• [Source material]:

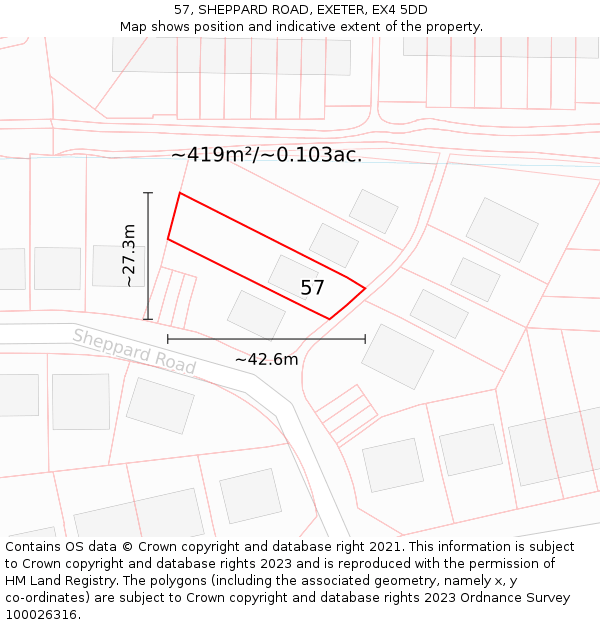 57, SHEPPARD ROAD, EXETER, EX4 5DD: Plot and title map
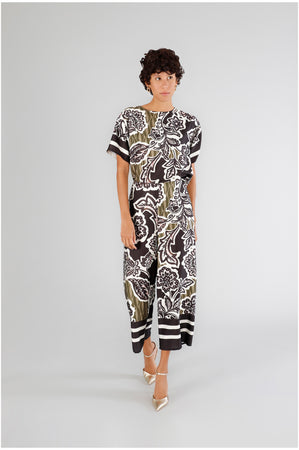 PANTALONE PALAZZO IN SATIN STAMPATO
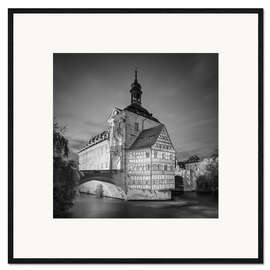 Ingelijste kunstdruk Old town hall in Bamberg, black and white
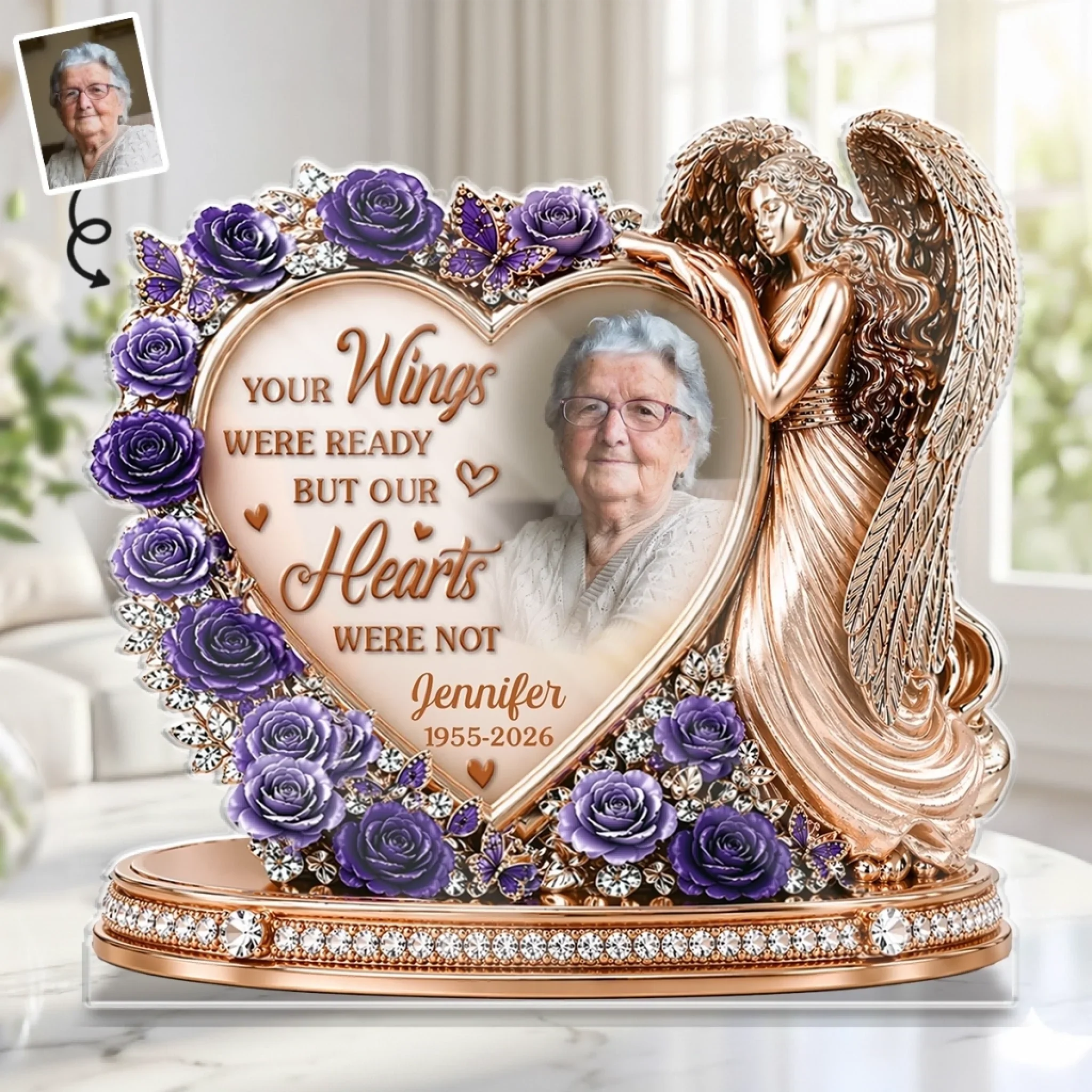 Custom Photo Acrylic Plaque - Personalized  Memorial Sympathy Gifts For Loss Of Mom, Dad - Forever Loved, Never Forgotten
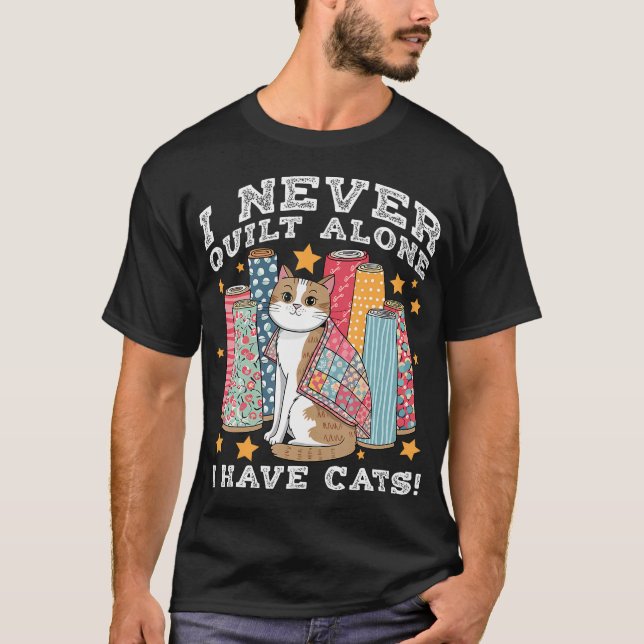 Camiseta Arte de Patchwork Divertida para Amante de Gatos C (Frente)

---

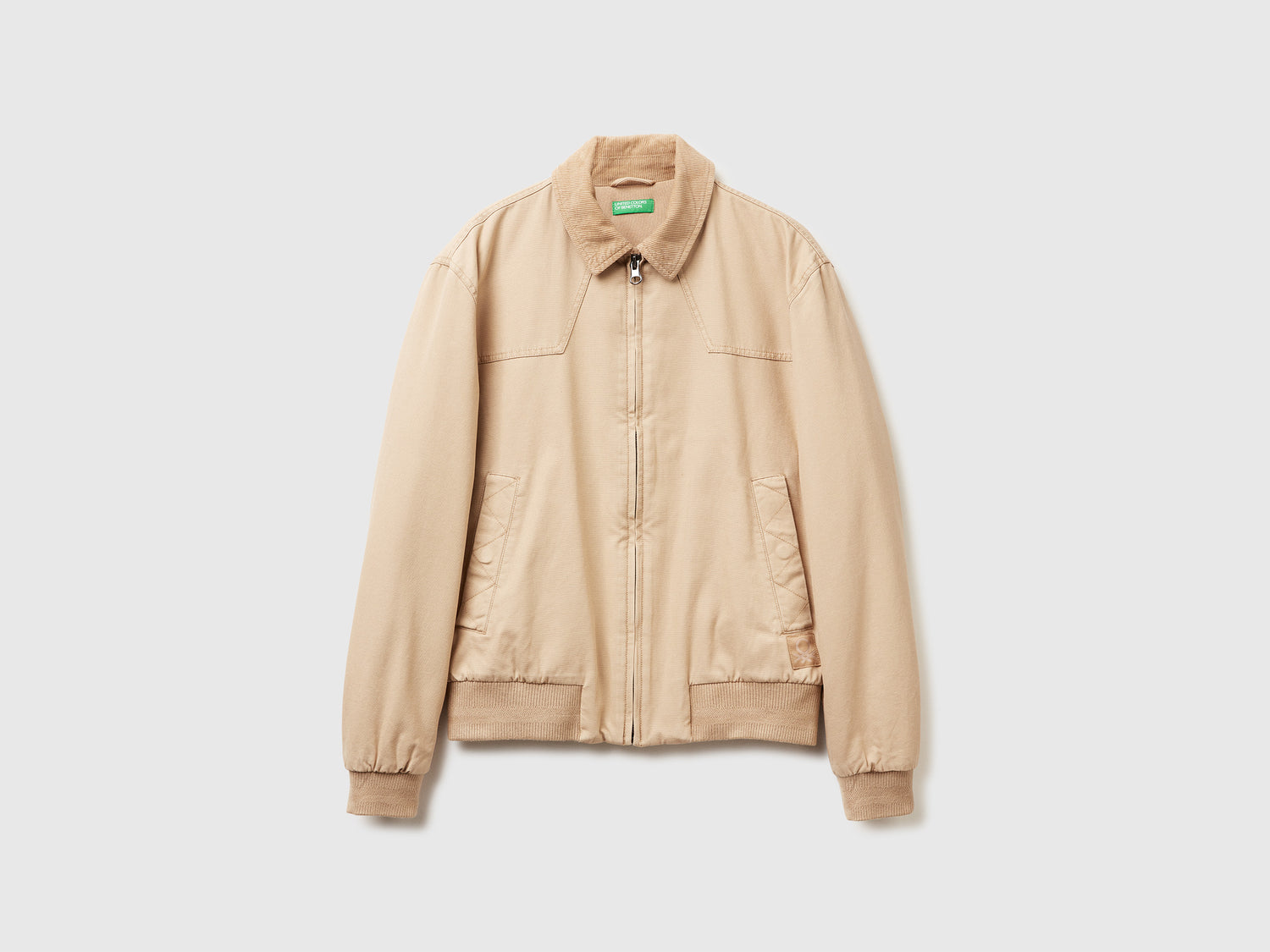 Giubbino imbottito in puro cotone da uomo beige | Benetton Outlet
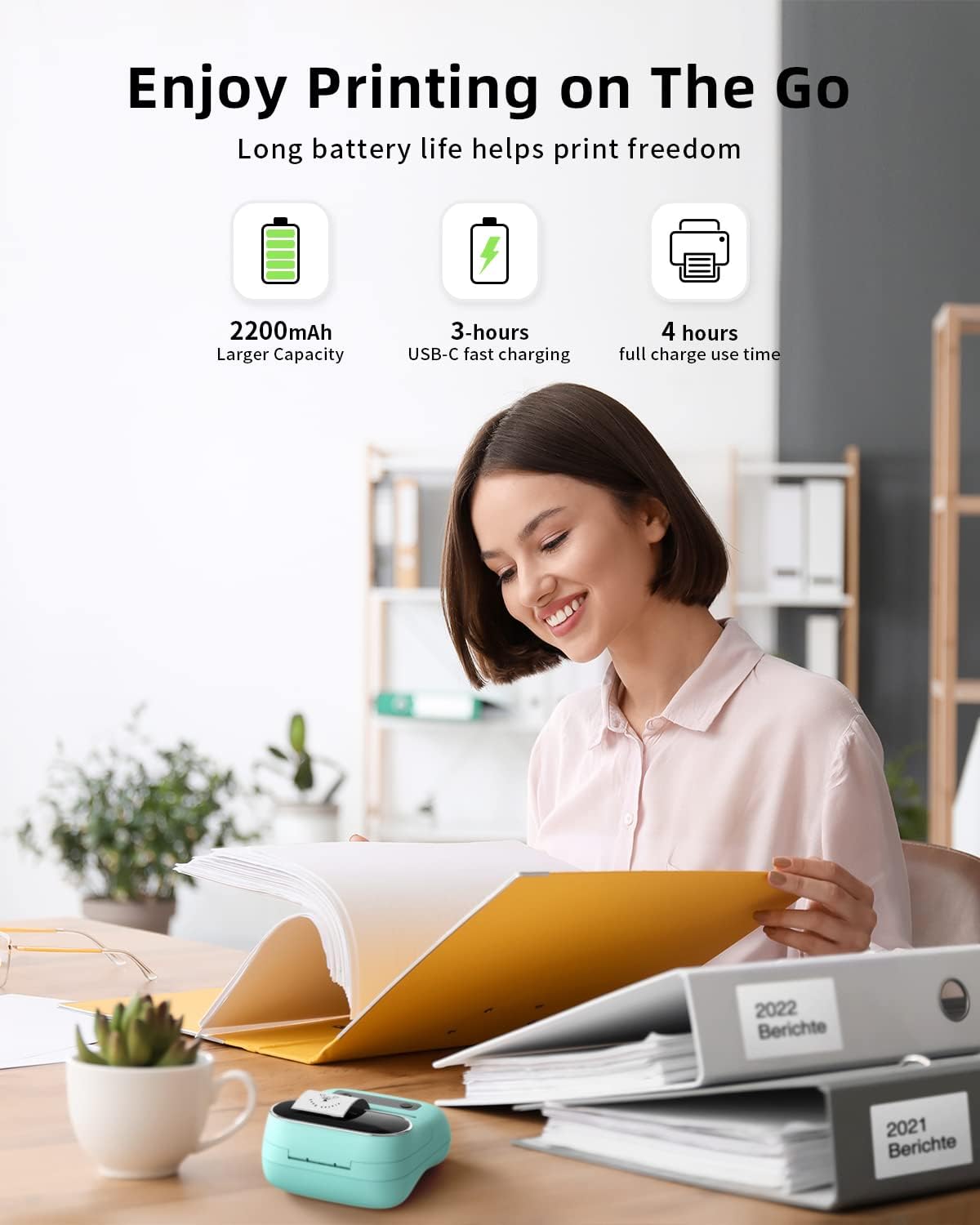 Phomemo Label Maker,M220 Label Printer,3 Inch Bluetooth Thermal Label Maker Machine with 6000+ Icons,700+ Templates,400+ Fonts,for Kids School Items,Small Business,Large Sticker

---

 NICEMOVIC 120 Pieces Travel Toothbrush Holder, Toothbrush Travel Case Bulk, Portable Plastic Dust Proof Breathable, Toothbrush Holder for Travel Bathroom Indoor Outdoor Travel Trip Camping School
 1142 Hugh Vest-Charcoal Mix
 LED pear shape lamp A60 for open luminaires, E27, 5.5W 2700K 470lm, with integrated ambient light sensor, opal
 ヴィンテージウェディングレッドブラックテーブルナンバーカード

• [Exercise]: After locating the line holding "NICEMOVIC 120 Pieces" above, output exactly that line and every line after it through the line holding "ヴィンテージウェディングレッドブラックテーブルナンバーカード". Include nothing else.

• [Exercise answer]:
 NICEMOVIC 120 Pieces Travel Toothbrush Holder, Toothbrush Travel Case Bulk, Portable Plastic Dust Proof Breathable, Toothbrush Holder for Travel Bathroom Indoor Outdoor Travel Trip Camping School
 1142 Hugh Vest-Charcoal Mix
 LED pear shape lamp A60 for open luminaires, E27, 5.5W 2700K 470lm, with integrated ambient light sensor, opal
 ヴィンテージウェディングレッドブラックテーブルナンバーカード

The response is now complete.